AIM OF THE TASK: Give all of the listing again word for word, with images excluded.

DATASET EXTRACT:
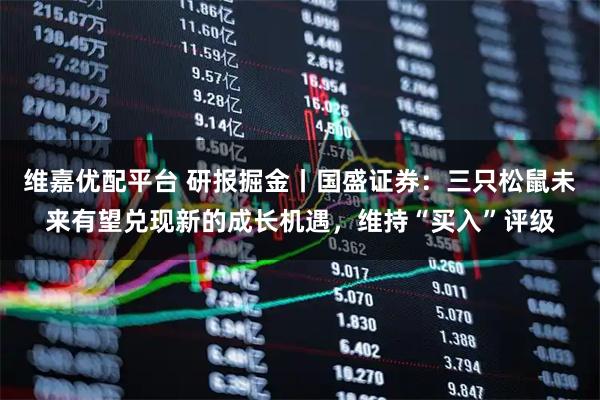 维嘉优配平台 研报掘金丨国盛证券：三只松鼠未来有望兑现新的成长机遇，维持“买入”评级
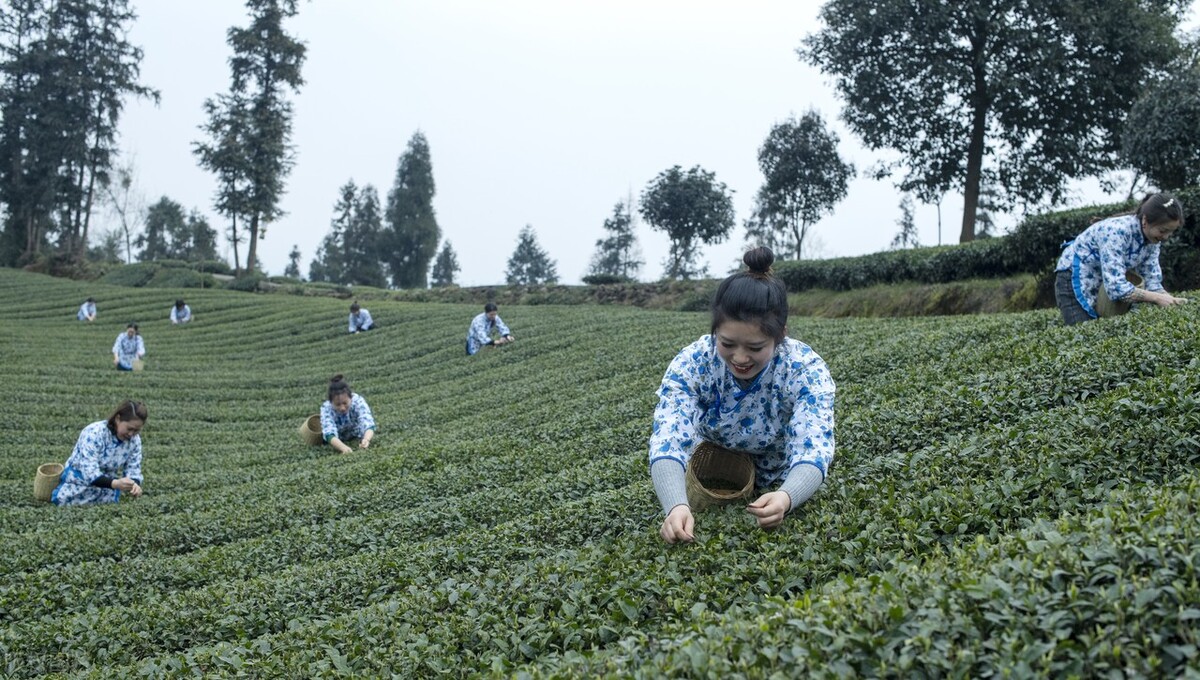 普洱茶存的湿度和度是多少度？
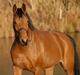 Pinto Hoelgaards Heart Breaker 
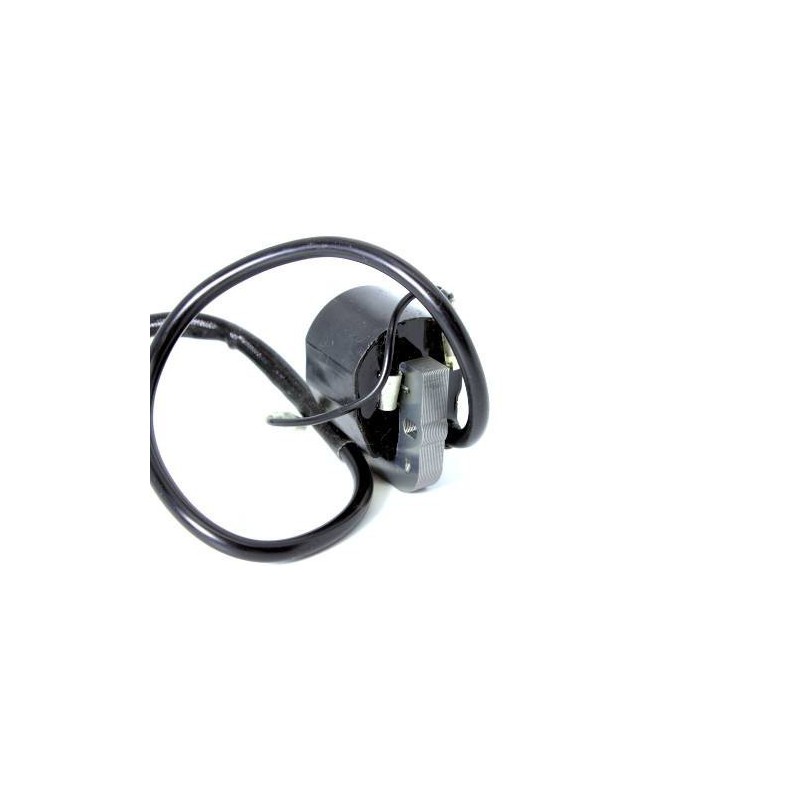 Fumigateur de bobine d'allumage Cofarelli M3A B41-01-020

OUTPUT FOR THIS TASK:
 维嘉优配平台 研报掘金丨国盛证券：三只松鼠未来有望兑现新的成长机遇，维持“买入”评级
 普洱茶存的湿度和度是多少度？
 Pinto Hoelgaards Heart Breaker 
 Fumigateur de bobine d'allumage Cofarelli M3A B41-01-020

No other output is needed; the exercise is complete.